Cross-platform management is hell any way you look at it, but when it comes to regulatory compliance and auditing, Beelzebub really pours on the coals. Many vendors will offer to help you do this, including storage specialists such as EMC or Netapp, as well as providers of identity-based solutions for heterogeneous environments such as Quest, Centrify or Beyondtrust, just to name a few
I recently sat down with Ken Cheney of Likewise, whose company has attracted some signifigant VC interest (from Trinity and Intel), but has always seemed to me as the dark horse in the race for cross-platform integration, given that they do a large part of their business OEMing their technology to industry giants such as , Cisco, Citrix, Novell and, yes, EMC. He is in the business of providing cross-platform capabilities for IT admins to get Linux, Apple and others to work with Microsoft’s Active Directory, which is sort of clear spot in the turbid waters of platform diversity.

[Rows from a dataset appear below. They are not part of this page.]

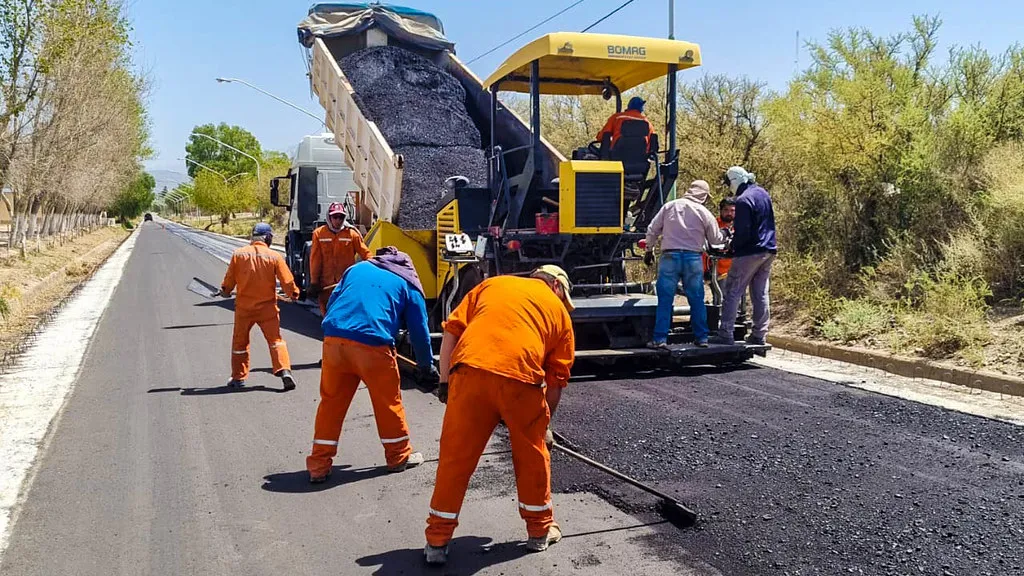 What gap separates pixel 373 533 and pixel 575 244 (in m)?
4.52

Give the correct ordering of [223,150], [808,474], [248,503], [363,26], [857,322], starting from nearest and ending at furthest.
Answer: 1. [248,503]
2. [808,474]
3. [857,322]
4. [363,26]
5. [223,150]

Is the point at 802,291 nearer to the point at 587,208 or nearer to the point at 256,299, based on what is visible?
the point at 587,208

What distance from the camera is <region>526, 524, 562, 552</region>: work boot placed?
3943 millimetres

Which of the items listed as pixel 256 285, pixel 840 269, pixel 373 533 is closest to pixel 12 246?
pixel 256 285

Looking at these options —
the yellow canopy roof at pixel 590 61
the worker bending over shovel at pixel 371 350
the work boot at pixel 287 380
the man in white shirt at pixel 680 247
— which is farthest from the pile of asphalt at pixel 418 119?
the worker bending over shovel at pixel 371 350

Likewise actually does market a product under its own brand called Likewise Enterprise (LWE), a free version of which called Likewise Open (LWO) can be downloaded for evaluation. In fact, for many companies looking for a quick and easy way to integrate their non-Windows systems with AD, the freebie may actually do the job pretty well, thank you, since it provides neat stuff like authenticating users with the same username and password on Windows and non-Windows systems, cross-platform policy enforcement, and credential caching in case your system goes down on you.
But if you want nice add-ons like dual-factor authentication, increased security for audit, or compliance requirements, directory migration, or group policy-based management, you need to get the Enterprise Edition which starts at $1,000 and includes 10 desktops and 1 year support.
Seems like a small price to pay to escape from cross-plattform purgatory. Imagine leaning back and knowing you’ve really locked you data down tight, bridged all the data gaps between sytems and earned yourself a nice, hellishly hot pot of Java – ahhh!